The free SOC 2 readiness checklist for founders

A customer just asked for your SOC 2 report. Maybe a Series A enterprise prospect. Maybe a bank doing vendor due diligence. Maybe a procurement team that won't engage without one.

You don't have a SOC 2 report. You're not even sure what one is.

This guide is the checklist I wish founders had when they first hit this wall — written by someone who's helped multiple companies get audit-ready. No fluff, no consultant-speak, just what you actually need to do.

What SOC 2 actually is

SOC 2 is a report — not a certification — issued by a licensed CPA firm after they audit your security controls. It says "this company does what they claim about how they protect customer data."

Two flavors:

• SOC 2 Type 1: a snapshot. "On this specific date, here are the controls in place." Faster and cheaper. Roughly $15-30K and 2-3 months.
• SOC 2 Type 2: proof that the controls actually worked over a period (usually 6-12 months). What enterprise customers actually want. $25-50K+ and at least 6 months.

Most founders start with Type 1 to unblock the deal in front of them, then run a Type 2 audit period in parallel.
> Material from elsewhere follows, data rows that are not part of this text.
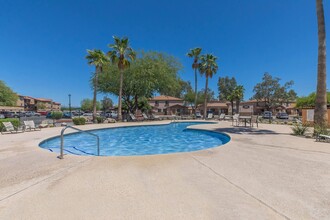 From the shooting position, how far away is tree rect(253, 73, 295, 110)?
185 feet

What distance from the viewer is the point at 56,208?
321 cm

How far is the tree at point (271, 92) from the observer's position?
56.4 m

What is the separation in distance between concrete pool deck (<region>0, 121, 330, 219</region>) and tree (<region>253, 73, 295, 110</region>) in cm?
5831

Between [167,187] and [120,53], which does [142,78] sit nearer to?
[120,53]

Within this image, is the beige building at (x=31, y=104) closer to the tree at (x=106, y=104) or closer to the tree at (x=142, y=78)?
the tree at (x=106, y=104)

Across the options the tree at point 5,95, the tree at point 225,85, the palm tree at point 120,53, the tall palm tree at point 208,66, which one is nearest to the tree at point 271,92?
the tree at point 225,85

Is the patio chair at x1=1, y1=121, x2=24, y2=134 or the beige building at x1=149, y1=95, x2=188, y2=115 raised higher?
the beige building at x1=149, y1=95, x2=188, y2=115

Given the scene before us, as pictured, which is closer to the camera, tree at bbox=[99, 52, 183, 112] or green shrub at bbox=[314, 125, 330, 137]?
green shrub at bbox=[314, 125, 330, 137]

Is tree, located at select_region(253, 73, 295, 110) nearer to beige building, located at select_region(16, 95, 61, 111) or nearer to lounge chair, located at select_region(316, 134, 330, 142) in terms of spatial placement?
lounge chair, located at select_region(316, 134, 330, 142)

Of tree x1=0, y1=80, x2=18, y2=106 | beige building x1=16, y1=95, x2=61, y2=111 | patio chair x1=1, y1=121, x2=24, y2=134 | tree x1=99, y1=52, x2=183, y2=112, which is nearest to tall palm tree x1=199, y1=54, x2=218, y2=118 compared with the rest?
tree x1=99, y1=52, x2=183, y2=112

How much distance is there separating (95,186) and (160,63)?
27.7 meters

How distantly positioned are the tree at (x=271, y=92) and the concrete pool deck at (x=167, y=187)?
191ft

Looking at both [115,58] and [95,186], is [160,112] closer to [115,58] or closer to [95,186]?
[115,58]

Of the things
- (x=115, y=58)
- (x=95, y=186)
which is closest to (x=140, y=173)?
(x=95, y=186) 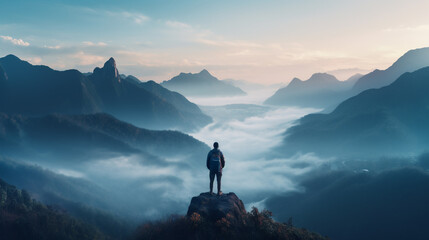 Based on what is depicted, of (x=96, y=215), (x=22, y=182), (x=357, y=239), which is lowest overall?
(x=357, y=239)

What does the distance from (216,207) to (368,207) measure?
135m

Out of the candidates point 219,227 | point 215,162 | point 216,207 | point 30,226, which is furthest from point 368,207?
point 30,226

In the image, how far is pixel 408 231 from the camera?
4422 inches

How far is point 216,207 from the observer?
25219 millimetres

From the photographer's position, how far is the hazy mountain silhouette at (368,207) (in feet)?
383

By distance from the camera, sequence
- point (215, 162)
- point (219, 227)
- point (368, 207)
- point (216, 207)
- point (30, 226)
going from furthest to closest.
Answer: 1. point (368, 207)
2. point (30, 226)
3. point (215, 162)
4. point (216, 207)
5. point (219, 227)

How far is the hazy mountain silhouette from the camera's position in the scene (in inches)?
4592

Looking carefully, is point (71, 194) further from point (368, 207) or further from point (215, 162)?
point (368, 207)

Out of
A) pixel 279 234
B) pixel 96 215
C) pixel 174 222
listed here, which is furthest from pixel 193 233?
pixel 96 215

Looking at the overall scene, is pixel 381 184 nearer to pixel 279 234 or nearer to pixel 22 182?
pixel 279 234

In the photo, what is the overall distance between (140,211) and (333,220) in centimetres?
10696

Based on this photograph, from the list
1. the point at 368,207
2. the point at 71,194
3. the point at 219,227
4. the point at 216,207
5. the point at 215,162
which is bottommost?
the point at 368,207

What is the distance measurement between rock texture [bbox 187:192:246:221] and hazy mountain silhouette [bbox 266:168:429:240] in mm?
99535

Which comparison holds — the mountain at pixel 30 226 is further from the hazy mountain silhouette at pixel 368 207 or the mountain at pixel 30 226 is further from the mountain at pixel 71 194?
the hazy mountain silhouette at pixel 368 207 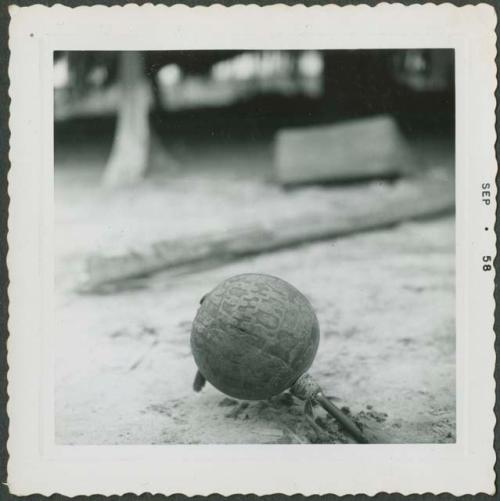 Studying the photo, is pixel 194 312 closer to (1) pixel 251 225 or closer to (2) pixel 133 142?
(1) pixel 251 225

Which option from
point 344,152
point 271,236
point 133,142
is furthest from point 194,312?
point 133,142

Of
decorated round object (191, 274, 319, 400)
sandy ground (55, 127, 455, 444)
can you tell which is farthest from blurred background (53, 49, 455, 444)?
decorated round object (191, 274, 319, 400)

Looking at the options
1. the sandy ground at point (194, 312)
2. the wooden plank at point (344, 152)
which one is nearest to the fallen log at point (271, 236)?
the sandy ground at point (194, 312)

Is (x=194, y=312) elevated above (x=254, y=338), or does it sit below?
below

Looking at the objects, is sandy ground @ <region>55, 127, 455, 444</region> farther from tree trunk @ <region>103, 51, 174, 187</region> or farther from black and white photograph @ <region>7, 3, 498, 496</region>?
tree trunk @ <region>103, 51, 174, 187</region>

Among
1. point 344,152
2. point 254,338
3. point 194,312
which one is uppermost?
point 344,152

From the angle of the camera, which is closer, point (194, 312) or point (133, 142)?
point (194, 312)

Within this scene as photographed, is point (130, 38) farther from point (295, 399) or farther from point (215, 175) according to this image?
point (215, 175)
The five Trust Service Criteria

SOC 2 audits cover up to five "trust services criteria." You only need to be audited on the ones you claim:

1. Security (mandatory) — the baseline
2. Availability — uptime guarantees
3. Confidentiality — protecting confidential business info
4. Processing Integrity — accurate data processing
5. Privacy — handling personal information

For 95% of B2B SaaS startups, just Security is enough. Don't add the others unless a customer specifically asks. Each one significantly expands the scope.

The actual checklist

Here's what you need to be ready, organized by what you can do this weekend vs. what takes longer.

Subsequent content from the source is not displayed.